*** ENTRIES PROVIDED ***

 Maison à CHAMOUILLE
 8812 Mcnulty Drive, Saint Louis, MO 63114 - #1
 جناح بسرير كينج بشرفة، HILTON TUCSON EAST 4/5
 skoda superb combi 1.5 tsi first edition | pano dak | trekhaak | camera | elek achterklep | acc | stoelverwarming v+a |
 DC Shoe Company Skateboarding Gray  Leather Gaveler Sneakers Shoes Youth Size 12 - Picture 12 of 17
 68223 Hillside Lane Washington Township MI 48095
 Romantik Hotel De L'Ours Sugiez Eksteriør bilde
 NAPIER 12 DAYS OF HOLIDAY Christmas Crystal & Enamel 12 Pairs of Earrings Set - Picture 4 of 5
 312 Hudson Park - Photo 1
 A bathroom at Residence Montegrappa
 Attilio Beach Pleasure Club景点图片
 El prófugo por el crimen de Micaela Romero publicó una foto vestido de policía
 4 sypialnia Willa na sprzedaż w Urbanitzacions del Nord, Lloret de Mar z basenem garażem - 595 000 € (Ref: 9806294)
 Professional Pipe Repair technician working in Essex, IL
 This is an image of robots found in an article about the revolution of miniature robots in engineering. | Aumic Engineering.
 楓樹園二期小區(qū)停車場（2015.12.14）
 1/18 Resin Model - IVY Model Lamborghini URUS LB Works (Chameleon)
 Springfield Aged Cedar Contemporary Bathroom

*** End of ENTRIES PROVIDED ***

WHAT IS NEEDED — Stop at the line containing "Romantik Hotel De". Please print exactly every line before it from the start of the records, plus that line itself, and nothing else.

SOLUTION TO THIS EXERCISE —
 Maison à CHAMOUILLE
 8812 Mcnulty Drive, Saint Louis, MO 63114 - #1
 جناح بسرير كينج بشرفة، HILTON TUCSON EAST 4/5
 skoda superb combi 1.5 tsi first edition | pano dak | trekhaak | camera | elek achterklep | acc | stoelverwarming v+a |
 DC Shoe Company Skateboarding Gray  Leather Gaveler Sneakers Shoes Youth Size 12 - Picture 12 of 17
 68223 Hillside Lane Washington Township MI 48095
 Romantik Hotel De L'Ours Sugiez Eksteriør bilde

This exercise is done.